Proposition
For any positive numbers $a$, $b$, and $c$, \begin{equation*} \frac{a^3}{b^2} + \frac{b^3}{c^2} + \frac{c^3}{a^2} \geq 3 \, \frac{a^2 + b^2 + c^2}{a + b + c} . \end{equation*}
I am requesting an elementary, algebraic explanation to this inequality. (I suppose the condition for equality is that $a = b = c$.) I am not familiar with symmetric inequalities in three variables.

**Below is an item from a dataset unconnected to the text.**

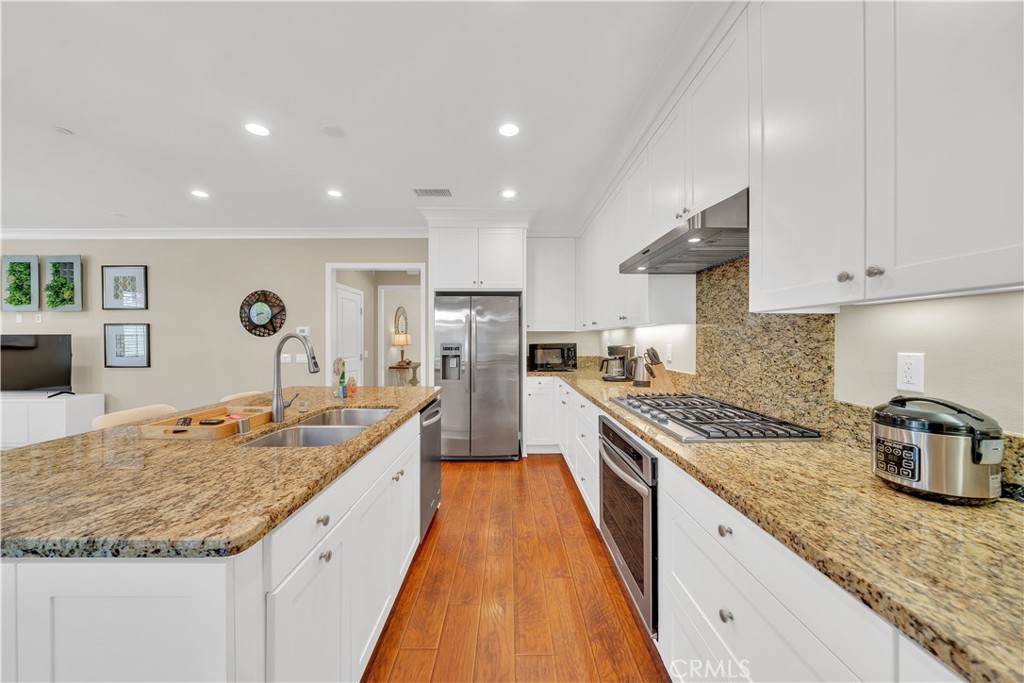 75 Gardenstone Path Irvine, CA 92620 - Photo 24 of 65 a large kitchen with granite countertop a lot of counter space and wooden floor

I would appreciate any references.
On
we have $$\frac{a^4}{ab^2}+\frac{b^4}{bc^2}+\frac{c^4}{ca^2}\geq \frac{a^2+b^2+c^2)^2}{ab^2+bc^2+ca^2}\geq \frac{3(a^2+b^2+c^2)}{a+b+c)}$$ the last is true, since$$a(a-c)^2+b(a-b)^2+c(b-c)^2\geq 0$$
On
Actually this is not a symmetric inequality, since the LHS is cyclic but not symmetric.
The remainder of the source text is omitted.